8 thoughts on “Birth experience–cutting the cord before birth

  1. Good article, and I agree. As a former midwife, only once did I cut a nuchal cord on the perineum, and by then it was too late anyway. The cord was so short and tight it tore where it was attached to the placenta during pushing. I later discovered it was about 75% torn, gushing blood by the time the head was slowly born and I could get to it. I cut the cord to lessen the pressure so the baby could be born quickly, since I didn’t yet know if I was dealing with a placental abruption or a cord dehiscence.
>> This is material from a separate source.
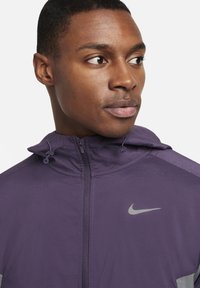 Chaqueta Nike púrpura con cierre de cremallera, capucha y tejido texturizado. Presenta acentos grises y logo en el pecho. Vista en primer plano del diseño.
Either way the baby was no longer benefiting from the cord’s attachment, and could have been losing blood herself.
    So I would agree with the article and say from my experience that only very unusual circumstances would favor cutting the cord on the perineum, and by no means should this be routine management of nuchal cord.
    ps – this baby and mom were fine, though mom needed a transport because we couldn’t get the placenta out. Neither could the docs until they put her under general and dealt with how “stuck” the placenta was to the uterus (accretion) – all in all an unusual and difficult birth, but the little girl is 12 and just fine.

    Posted by Frances Toler | October 30, 2011, 3:07 am
  2. Looking at the somersault maneuvre it just occured to me, when women gave birth in an upright position and reached down and grabbed hold of their babies themselves, they would naturally pull the baby towards them as it birthed. Which would spontanously resolve any potential nuchal cord issues.